The Evenlode

Rod Evans
👍 4

Sun 26 Jul 2020, 12:36

If you were following the earlier posts on this thread you could be forgiven for thinking it’s all gone a bit quiet.  Well not for much longer!

So if you’re interested in / concerned about the state of ‘our river’ and haven’t already, do look at some of the links in previous posts, especially those for the Evenlode Catchment Partnership (the ECP), Windrush Against Sewage Pollution (WASP) and WWF.   And whatever your political leanings, the Guardian ones also make for, let’s just say, interesting reading. 

If only for balance, the Times and Financial Times have also run articles featuring the wider problem of pollution of our rivers, which is clearly both a national and a local issue.  National in the sense that the regulatory, monitoring and enforcement regime needs to change – and local in both the state of the infrastructure and the effects the pollution has.  It’s encouraging that all sorts of groups and individuals are not only working on it but are popping all over the place, from the group of Thames swimmers featured on the regional TV news last week to a Shropshire MP who’s putting up a Private Members Bill in the hope of tackling it at the highest level.  Which it needs to be.

At local level, see e.g.

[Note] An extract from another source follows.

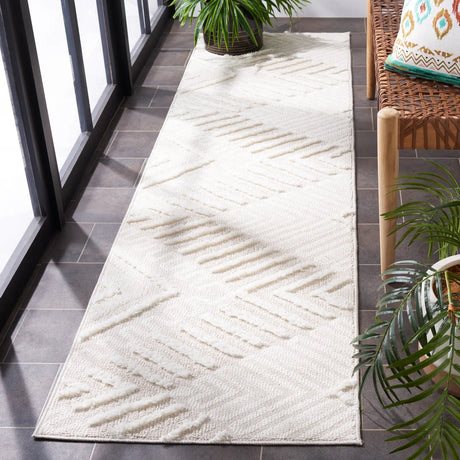 Safavieh Trends 2'-2" x 8'-0" Rug in Beige / Ivory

Flora’s post re Charlbury’s Sewage Treatment Works.    And before it got to us here, the 2019 totals upstream were of 298 ‘incidents’ of discharge over 3305 hours.  By the time it got to the Thames, those ‘declared’ figures went up to 786 and 6149 – and they don’t include all sorts of smaller domestic, agricultural and other contributors, nor direct sewer overflows (eg Dyers Hill?).  That is, even if we trust them – the figures are supplied by Thames Water, as in the poacher telling the game keeper how many pheasants he’s shot.  No wonder the swimmers are up in arms – or up to them in it.   

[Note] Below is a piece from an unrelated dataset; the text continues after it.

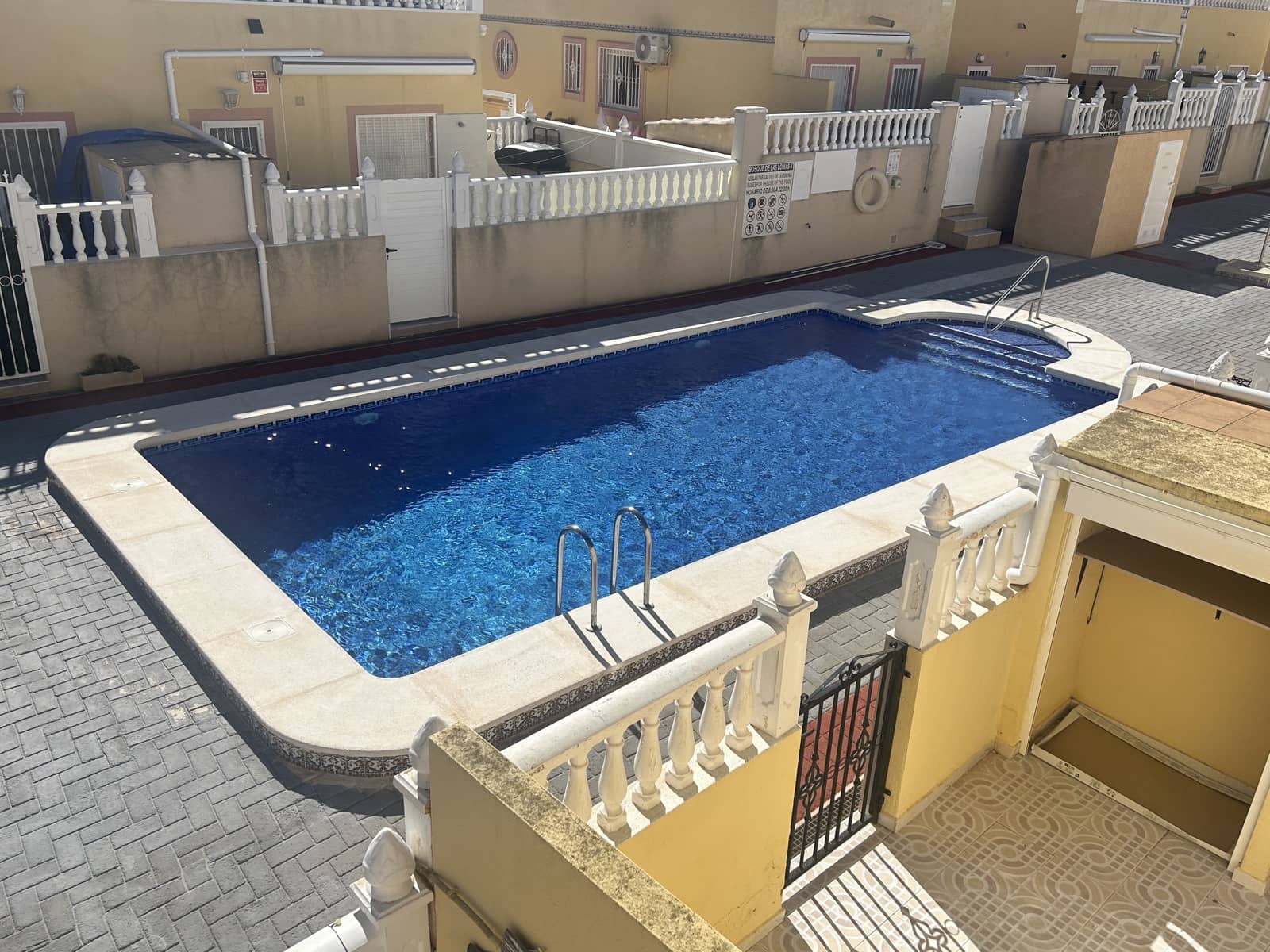 3 bedroom Townhouse for sale in Orihuela Costa with pool - € 199,995 (Ref: 9623178)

Now let’s add in the effluent from the 2047 dwellings that are to be provided in Chipping Norton between 2011 and 2031 under WODC’s Local Plan, not to mention additional employment sites etc.  All of which (as I understand it) have a statutory right to connect to the main sewers but with no commensurate obligation on the water companies to make additional provision for them in their STWs.  Confess I may not have the full story on that yet – but hey, let’s find out!

So what can we do about it at local level?  I’m increasingly convinced of the need to act both practically through bodies like the ECP and politically via groups like WASP.  So let’s form our own, based on the Evenlode, and bring in or join up with others up and down stream.  You’ll see from their latest blog that WASP are holding an open ZOOM session on 30/07.  I hope to throw a few questions into that and then have a meeting here on 03/08 to take things forward.  Details to follow, let me know if interested.